0
$\begingroup$

So, I recently run into this bug in the compiler for my programming language that outputs WebAssembly Text Format. Here is what the output looked like:

Improperly indented WebAssembly Text Format

I fixed it by changing in my compiler:

            : context.structureSizes.at(getType(context))) +
            ")\n" +
            std::string(
                convertToInteger32(children.at(0), context).indentBy(3)) +
            "\n\t)\n)",
            AssemblyCode::AssemblyType::i32);

to this:

            : context.structureSizes.at(getType(context))) +
            ")\n" +
            std::string(
               convertToInteger32(children.at(0), context)
                    .indentBy(
                        2)) // Indenting by 2 instead of by 3 because of this:
                            // https://github.com/FlatAssembler/AECforWebAssembly/issues/24
            + "\n\t)\n)",
            AssemblyCode::AssemblyType::i32);

But there are almost certainly more such bugs.

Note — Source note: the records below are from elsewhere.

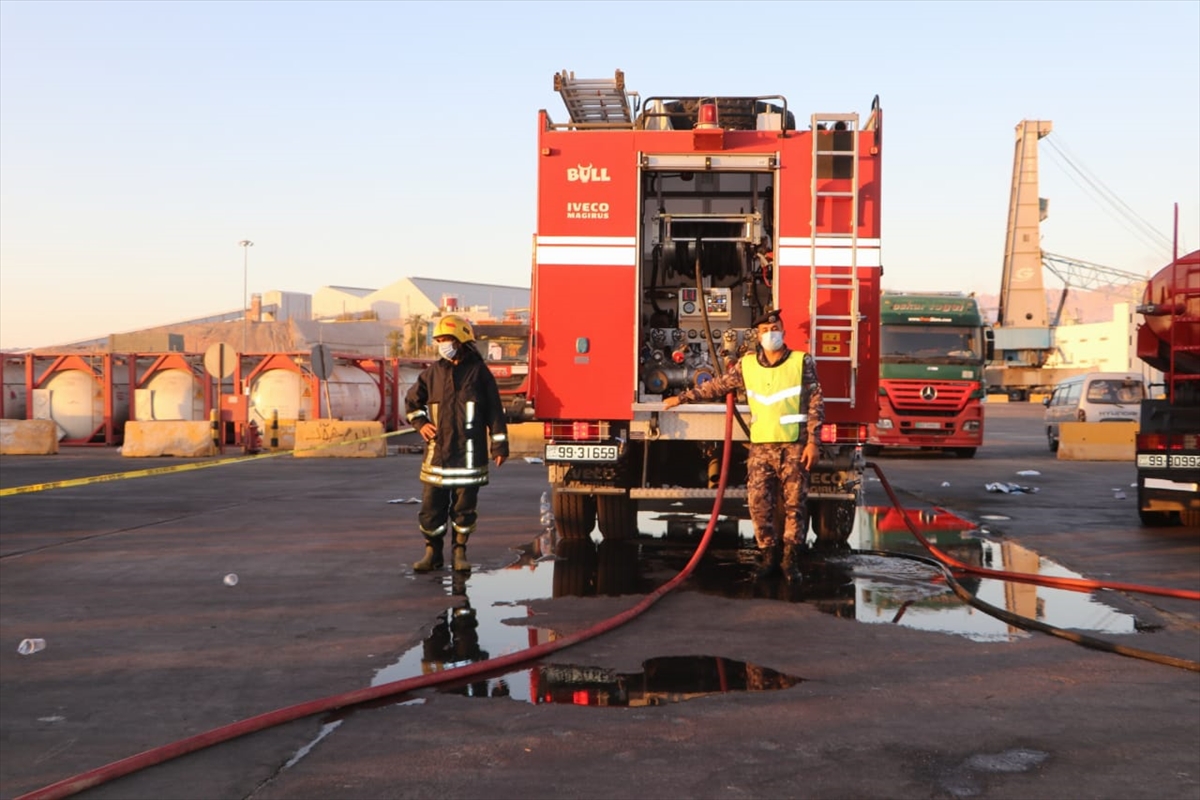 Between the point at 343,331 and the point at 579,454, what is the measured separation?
9481 cm

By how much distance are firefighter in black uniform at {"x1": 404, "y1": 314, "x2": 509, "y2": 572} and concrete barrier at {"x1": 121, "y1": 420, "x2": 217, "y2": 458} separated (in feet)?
67.0

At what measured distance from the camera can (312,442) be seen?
28.3 metres

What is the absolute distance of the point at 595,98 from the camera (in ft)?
38.9

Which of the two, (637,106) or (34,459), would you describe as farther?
(34,459)

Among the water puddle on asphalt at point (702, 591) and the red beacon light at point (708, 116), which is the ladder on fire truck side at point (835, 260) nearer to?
the red beacon light at point (708, 116)

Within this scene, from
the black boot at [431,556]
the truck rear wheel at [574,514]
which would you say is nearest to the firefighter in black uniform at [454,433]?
the black boot at [431,556]

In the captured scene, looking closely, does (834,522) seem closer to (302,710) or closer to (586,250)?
(586,250)

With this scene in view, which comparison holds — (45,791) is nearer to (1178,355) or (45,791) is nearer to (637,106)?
(637,106)

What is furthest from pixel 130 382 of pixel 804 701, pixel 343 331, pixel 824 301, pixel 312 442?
pixel 343 331

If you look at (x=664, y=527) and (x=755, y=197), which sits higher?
(x=755, y=197)

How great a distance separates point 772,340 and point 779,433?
2.42ft

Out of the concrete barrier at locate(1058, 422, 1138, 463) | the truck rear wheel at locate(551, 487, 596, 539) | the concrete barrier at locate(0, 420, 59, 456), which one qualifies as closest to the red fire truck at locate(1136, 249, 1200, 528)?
the truck rear wheel at locate(551, 487, 596, 539)

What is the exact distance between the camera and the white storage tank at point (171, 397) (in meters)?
35.0

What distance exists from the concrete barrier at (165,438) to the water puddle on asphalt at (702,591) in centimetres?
1828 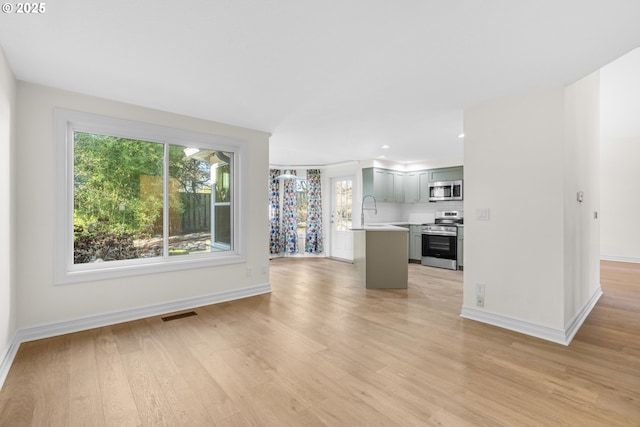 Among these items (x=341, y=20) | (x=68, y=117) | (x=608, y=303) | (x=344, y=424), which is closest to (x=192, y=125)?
(x=68, y=117)

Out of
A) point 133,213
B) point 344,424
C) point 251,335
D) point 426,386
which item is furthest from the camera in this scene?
point 133,213

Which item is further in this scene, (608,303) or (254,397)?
(608,303)

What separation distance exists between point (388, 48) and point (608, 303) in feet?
13.5

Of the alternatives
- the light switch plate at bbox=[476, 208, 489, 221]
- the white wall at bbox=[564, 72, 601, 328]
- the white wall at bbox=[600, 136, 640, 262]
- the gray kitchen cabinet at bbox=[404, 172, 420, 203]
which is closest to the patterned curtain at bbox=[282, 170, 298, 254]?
the gray kitchen cabinet at bbox=[404, 172, 420, 203]

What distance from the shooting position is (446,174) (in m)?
6.42

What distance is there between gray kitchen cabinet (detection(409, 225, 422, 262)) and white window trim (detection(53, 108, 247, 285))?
4.01 m

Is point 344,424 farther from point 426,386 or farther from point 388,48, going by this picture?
point 388,48

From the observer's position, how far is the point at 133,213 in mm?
3355

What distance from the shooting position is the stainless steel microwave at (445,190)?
20.3ft

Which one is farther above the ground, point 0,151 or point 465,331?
point 0,151

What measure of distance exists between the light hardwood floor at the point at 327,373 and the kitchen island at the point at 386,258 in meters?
1.04

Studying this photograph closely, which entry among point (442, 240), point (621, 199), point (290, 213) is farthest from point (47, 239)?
point (621, 199)

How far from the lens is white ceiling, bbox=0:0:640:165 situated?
170 centimetres

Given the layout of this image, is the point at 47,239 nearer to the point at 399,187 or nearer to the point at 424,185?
the point at 399,187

So, how do other compilers that output WebAssembly Text Format make sure the s-expressions are properly indented? Using wat2wasm and then wasm2wat from the WebAssembly Binary Toolkit won't do the trick for two reasons:

  1. We will lose the comments.
  2. We will lose the data about which instructions are put into an S-expression and which ones are put linearly, one after another.

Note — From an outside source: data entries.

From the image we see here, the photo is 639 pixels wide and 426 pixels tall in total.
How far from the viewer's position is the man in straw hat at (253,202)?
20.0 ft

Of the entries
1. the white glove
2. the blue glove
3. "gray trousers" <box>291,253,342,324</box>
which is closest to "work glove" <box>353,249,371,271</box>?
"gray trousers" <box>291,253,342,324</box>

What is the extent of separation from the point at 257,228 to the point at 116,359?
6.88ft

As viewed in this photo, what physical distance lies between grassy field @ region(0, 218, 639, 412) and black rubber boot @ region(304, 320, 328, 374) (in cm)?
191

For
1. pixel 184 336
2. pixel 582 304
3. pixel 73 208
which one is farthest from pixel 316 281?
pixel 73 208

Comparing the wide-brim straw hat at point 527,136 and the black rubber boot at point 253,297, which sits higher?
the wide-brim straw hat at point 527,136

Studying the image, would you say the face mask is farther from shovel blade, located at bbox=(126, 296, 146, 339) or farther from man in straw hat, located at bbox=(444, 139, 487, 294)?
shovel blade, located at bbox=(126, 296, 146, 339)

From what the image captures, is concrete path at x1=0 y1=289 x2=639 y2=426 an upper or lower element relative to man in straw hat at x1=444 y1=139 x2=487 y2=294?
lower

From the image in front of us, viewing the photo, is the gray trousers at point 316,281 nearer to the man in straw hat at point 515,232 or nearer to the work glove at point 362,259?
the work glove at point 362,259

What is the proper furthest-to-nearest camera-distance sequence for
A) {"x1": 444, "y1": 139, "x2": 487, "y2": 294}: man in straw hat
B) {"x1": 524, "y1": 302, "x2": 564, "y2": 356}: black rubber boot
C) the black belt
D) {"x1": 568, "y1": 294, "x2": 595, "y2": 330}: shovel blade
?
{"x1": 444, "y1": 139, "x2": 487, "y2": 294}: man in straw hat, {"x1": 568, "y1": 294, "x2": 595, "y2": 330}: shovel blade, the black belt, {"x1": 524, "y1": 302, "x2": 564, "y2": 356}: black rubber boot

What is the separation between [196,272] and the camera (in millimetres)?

So, is there a better way?

$\endgroup$
8
  • 6
    $\begingroup$ Generally, you write a function to print an S-expression, which accepts an argument for the indentation level of nested nodes. This function will ordinarily be recursive, and recursive calls increment the indentation level. Transforming from explicit recursion to a loop and a stack is an exercise for the reader. $\endgroup$ Commented Aug 7 at 15:13
  • 8
    $\begingroup$ I don't think this really has anything to do with Programming Language Design and Implementation. Laying out text and printing nested structures is a generic problem, independent of programming languages, and a solved one at that. But I will let the community decide. Regarding your literal question, the answer is, in 99% of cases, they don't. For most compilers, their output is for machines, not humans. $\endgroup$ Commented Aug 7 at 15:13
  • 2
    $\begingroup$ @JörgWMittag I think this question is obviously on-topic. Code generation is a standard requirement for compiler implementations, and generating correctly-indented code is a common problem when the target language requires indentation (or has readability benefits from it). Parsing likewise has applications outside of langdev, but is clearly on-topic here. What matters is whether the expertise is relevant to this community and likely to exist within this community, and the answer to both is "yes". $\endgroup$ Commented Aug 7 at 15:19
  • 4
    $\begingroup$ They're basically just asking how to write a pretty-printer. The simplest solution would be to write the compiler in Common Lisp and use its built-in function for this. $\endgroup$ Commented Aug 7 at 15:20
  • 1
    $\begingroup$ @Barmar This problem isn't just relevant for pretty printers (where the issue is readability); I have a compiler which targets (among other languages) Python, where the code generator must correctly indent code for it to work at all. FWIW, here and here are the relevant parts of the source code (in TypeScript). $\endgroup$ Commented Aug 7 at 15:25

3 Answers 3

2
$\begingroup$

There are two main approaches to this problem:

Generating the whole code unformatted, then formatting it later

Seems it's fairly trivial to format WASM text properly based just on the parenthesis. Having the proper indentation in every builtin is, like you found, error prone. Instead, you can first generate a file with no indentation at all. Then have a separate pass where you read this code and apply proper formatting.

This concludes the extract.